To begin composting, you need an area that has good drainage and good air flow. My best recommendation is that you place it somewhere that is readily available to your kitchen area. Almost all of your kitchen refuse can be utilized to make healthy garden soil. Egg shells, vegetable and fruit peelings, coffee grounds, even the left over flour you used to cook dinner with can and should be dumped into the pile. Good compost is a mixture of dead and decomposing matter, air circulation and moisture. Dried leaves should be added to your pile as often as possible. Green grass trimmings as well. Stirring your compost pile a few times each season will keep the moisture content under control. It's a balance. Not too wet, not too dry.

While the 1800's theory of plant roots eating humus was incorrect, bacteria, which lives amidst plant roots do in fact consume humus. Bacteria break down decaying matter, allowing plant roots to utilize the nitrogen contained in humus. When we think of bacteria, we naturally think of germs and sickness but that's not all that is going on here. Most bacteria is actually helpful. Plant roots excrete carbon dioxide, the microorganisms are attracted to this carbon dioxide, latch onto certain types of plants and actually bond to the plants roots. You can see this for yourself if you pull up a pea or bean vine. Little white nodules form on the roots of the plants and are slowly released, allowing the plants to take up as much nitrogen as is needed. The bacteria give the plant the nitrogen that it needs and in turn, the plant feeds the bacteria in the form of carbon dioxide and protection that the bacteria needs to survive. They have a symbiotic relationship. This is why crop rotation is so very important.

The magical world of plants is amazing in that each plant benefits from another's demise. This whole circle of life thing goes on above and beneath the earth's surface every day. It's brutal and messy. If all of this is going on, how can a plant defend itself against rotting roots? We all know that dead roots decompose, but why then do healthy roots not succumb to disease and eventually rot?

Plants have developed an uncanny ability to protect themselves. Cucumbers for instance, produce a deadly (to plants) gas called, ethylene to kill fungi and ward off an attack. This also lets the other plants nearby know that they could be in jeopardy too. Obviously plants cannot produce these gasses all of the time. Much in the same way as our bodies produce antibodies to ward off an infection. Energy becomes depleted over time and either they get well or they succumb to disease and perish.

These gasses are also sometimes emitted by plants in competition with their neighbors. If you grow the aforementioned cucumbers too close together, what you will get will not be just smaller plants, but sickly smaller plants with yellowing leaves, and a tendency for the vines to rot and in the end, a bunch of dead plants.

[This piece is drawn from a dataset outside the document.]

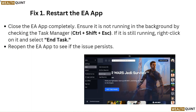Fix 1: Restart the EA app. Close the EA app completely. Ensure it is not running in the background by checking the task manager. If it is still running, right-click on it and select End Task. Reopen the EA app to see if the issue persists.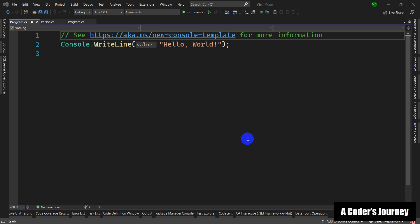Hello guys, what's up? This is Morteza and welcome to another episode here at A Coder's Journey where we are talking about writing clean code in C Sharp. In the last episode, we talked about the importance of using comments the right way and we also talked about using XML comments.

When seeds sprout, deadly gasses are also emitted. (This time, deadly to fungus) Anti fungal gasses are produced, allowing a tiny seedling to break through the soil, reach the sunlight and get off to a good start. This is where your humus rich soil benefits your plants. If the soil is loose and pliable, the seedling will emerge from the soil, find the sun and begin to collect its energy and fungal fighting properties, as only so much is stored within each seed. If that plant is unable to break through the soil surface, it succumbs to rot and dies. Such is the circle of life in good garden soil.

There is no need to add bacteria, or in my opinion, beneficial insects to your soil. If you allow the natural processes to do what nature intended, the beneficial bacteria, insects and all the rest will, in time return to the soil in the form of humus and benefit all living things.

Instead of adding chemicals to your gardens, try instead adding composted soil, sea kelp, dried plant materials and a shovel or two of good old manure.